**DATASET RECORDS:**

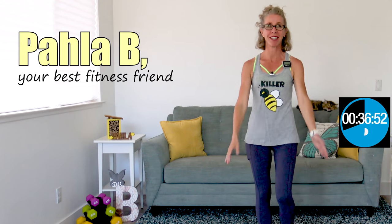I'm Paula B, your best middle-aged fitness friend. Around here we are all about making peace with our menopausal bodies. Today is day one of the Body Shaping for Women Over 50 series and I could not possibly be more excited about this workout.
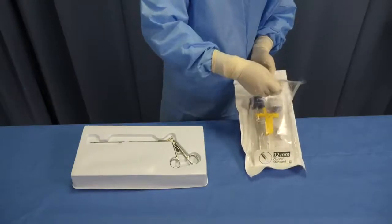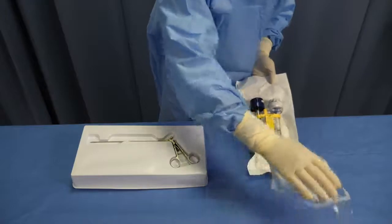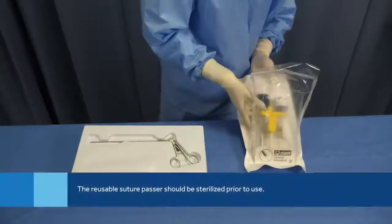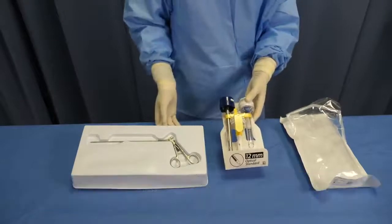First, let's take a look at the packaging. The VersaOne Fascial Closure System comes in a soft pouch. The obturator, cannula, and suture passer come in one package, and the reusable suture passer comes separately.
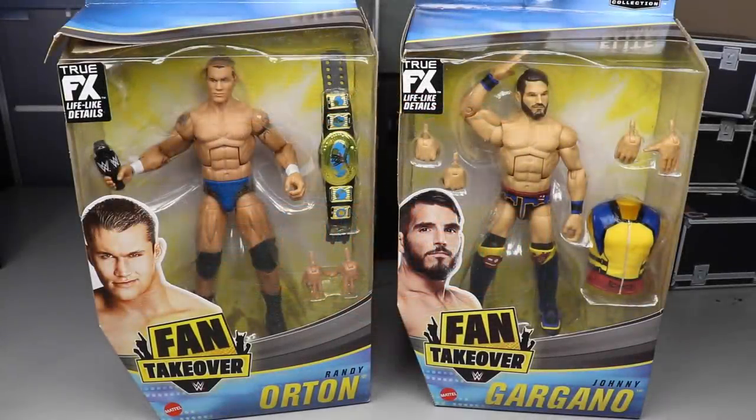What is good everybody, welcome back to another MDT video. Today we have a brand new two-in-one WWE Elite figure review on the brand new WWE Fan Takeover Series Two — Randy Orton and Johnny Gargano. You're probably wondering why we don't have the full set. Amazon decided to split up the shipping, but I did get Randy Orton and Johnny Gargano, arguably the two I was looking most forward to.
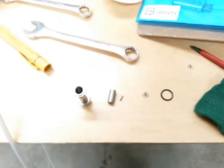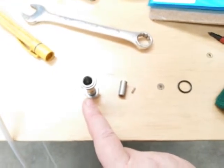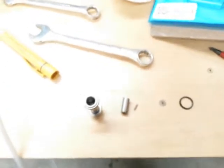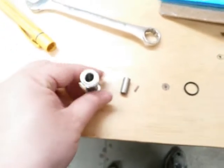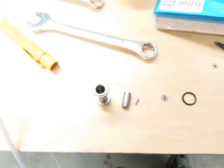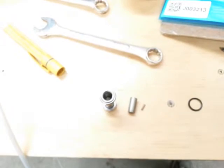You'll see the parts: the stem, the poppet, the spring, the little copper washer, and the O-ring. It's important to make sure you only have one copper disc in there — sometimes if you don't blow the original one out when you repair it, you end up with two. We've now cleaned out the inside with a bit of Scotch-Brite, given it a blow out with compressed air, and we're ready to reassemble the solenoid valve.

---

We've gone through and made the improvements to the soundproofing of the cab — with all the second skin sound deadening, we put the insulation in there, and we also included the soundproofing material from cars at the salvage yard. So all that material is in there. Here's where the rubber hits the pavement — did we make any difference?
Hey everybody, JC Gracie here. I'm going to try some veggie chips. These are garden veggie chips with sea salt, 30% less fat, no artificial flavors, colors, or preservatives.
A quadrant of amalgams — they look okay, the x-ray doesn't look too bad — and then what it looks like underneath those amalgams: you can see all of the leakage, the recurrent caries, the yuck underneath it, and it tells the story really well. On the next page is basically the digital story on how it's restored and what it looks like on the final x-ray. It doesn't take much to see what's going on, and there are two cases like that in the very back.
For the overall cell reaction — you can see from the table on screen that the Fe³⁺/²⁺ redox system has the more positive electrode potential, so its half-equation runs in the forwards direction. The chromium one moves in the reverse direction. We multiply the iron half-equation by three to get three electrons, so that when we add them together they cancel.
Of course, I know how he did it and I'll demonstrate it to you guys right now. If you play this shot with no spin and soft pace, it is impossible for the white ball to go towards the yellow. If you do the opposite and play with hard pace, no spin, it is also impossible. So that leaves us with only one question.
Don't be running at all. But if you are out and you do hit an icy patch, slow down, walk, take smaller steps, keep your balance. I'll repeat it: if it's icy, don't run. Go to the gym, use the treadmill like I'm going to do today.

**EXERCISE DIRECTIONS:** Within the listing above, locate the line containing "Of course, I" and the line containing "Don't be running". Reproduce those two lines and all lines between them exactly, with nothing added.

**EXERCISE RESPONSE:**
Of course, I know how he did it and I'll demonstrate it to you guys right now. If you play this shot with no spin and soft pace, it is impossible for the white ball to go towards the yellow. If you do the opposite and play with hard pace, no spin, it is also impossible. So that leaves us with only one question.
Don't be running at all. But if you are out and you do hit an icy patch, slow down, walk, take smaller steps, keep your balance. I'll repeat it: if it's icy, don't run. Go to the gym, use the treadmill like I'm going to do today.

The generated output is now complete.